■ Work order
Reproduce the listing word for word, leaving every picture behind.

■ Input data
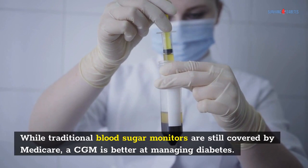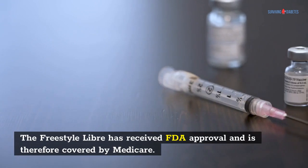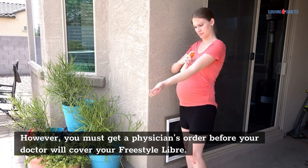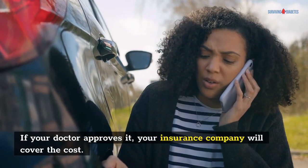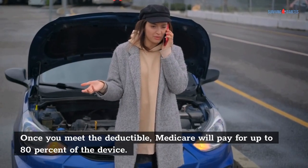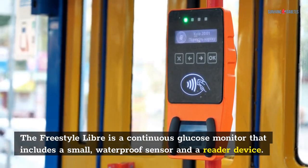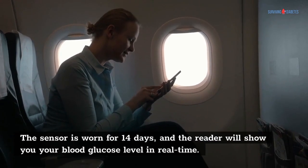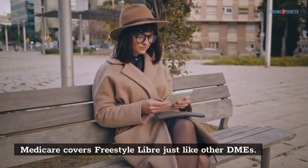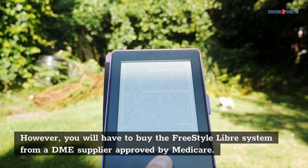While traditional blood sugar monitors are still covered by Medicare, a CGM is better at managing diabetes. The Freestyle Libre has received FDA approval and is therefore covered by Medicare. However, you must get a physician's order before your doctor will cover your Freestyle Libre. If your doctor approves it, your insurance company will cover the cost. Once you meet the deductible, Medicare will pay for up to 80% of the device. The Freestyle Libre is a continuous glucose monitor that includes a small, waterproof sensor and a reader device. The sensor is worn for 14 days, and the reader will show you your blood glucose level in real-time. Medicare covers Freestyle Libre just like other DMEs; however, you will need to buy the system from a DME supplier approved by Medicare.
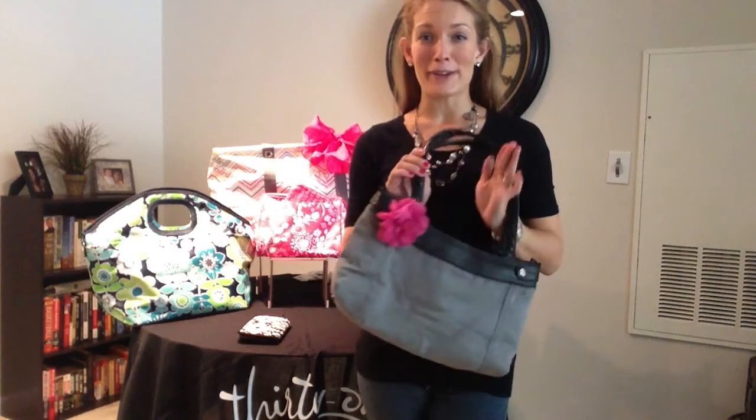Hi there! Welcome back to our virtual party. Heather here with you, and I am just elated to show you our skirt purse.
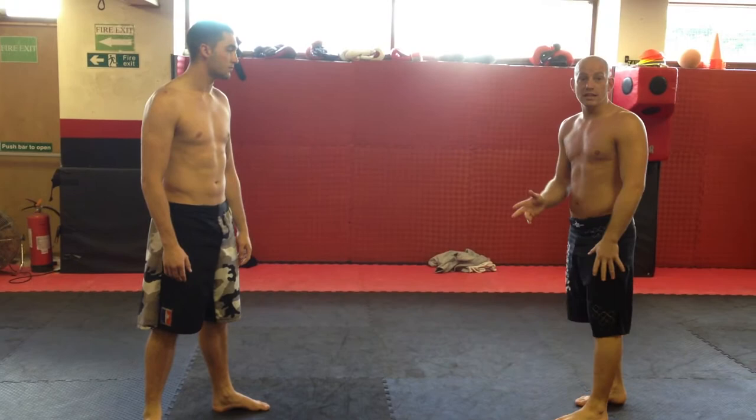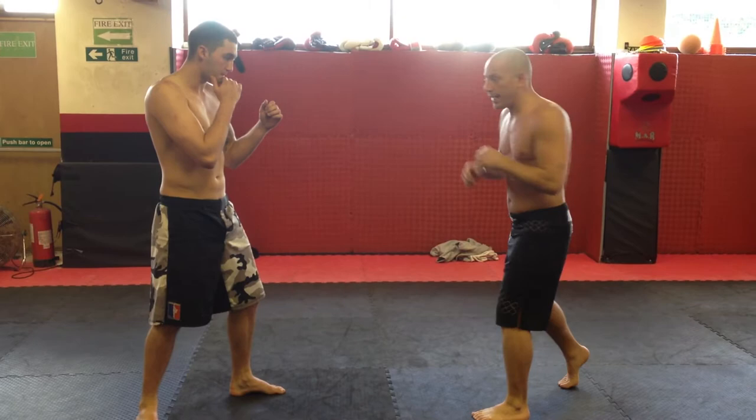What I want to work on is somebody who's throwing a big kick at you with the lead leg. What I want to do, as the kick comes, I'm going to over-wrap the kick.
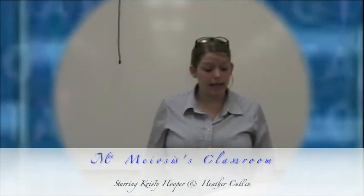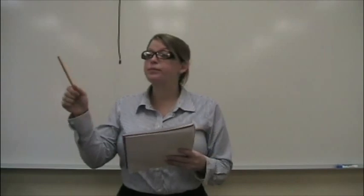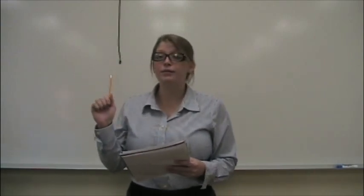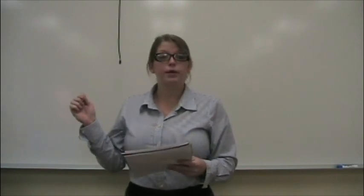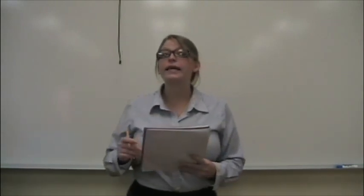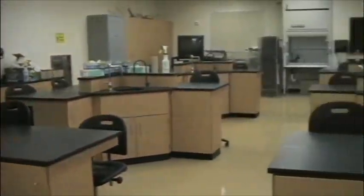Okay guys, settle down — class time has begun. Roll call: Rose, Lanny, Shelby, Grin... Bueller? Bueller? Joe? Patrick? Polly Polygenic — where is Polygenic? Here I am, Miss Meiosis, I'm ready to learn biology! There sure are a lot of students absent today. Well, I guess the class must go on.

■ Result of the task
While traditional blood sugar monitors are still covered by Medicare, a CGM is better at managing diabetes. The Freestyle Libre has received FDA approval and is therefore covered by Medicare. However, you must get a physician's order before your doctor will cover your Freestyle Libre. If your doctor approves it, your insurance company will cover the cost. Once you meet the deductible, Medicare will pay for up to 80% of the device. The Freestyle Libre is a continuous glucose monitor that includes a small, waterproof sensor and a reader device. The sensor is worn for 14 days, and the reader will show you your blood glucose level in real-time. Medicare covers Freestyle Libre just like other DMEs; however, you will need to buy the system from a DME supplier approved by Medicare.
Hi there! Welcome back to our virtual party. Heather here with you, and I am just elated to show you our skirt purse.
What I want to work on is somebody who's throwing a big kick at you with the lead leg. What I want to do, as the kick comes, I'm going to over-wrap the kick.
Okay guys, settle down — class time has begun. Roll call: Rose, Lanny, Shelby, Grin... Bueller? Bueller? Joe? Patrick? Polly Polygenic — where is Polygenic? Here I am, Miss Meiosis, I'm ready to learn biology! There sure are a lot of students absent today. Well, I guess the class must go on.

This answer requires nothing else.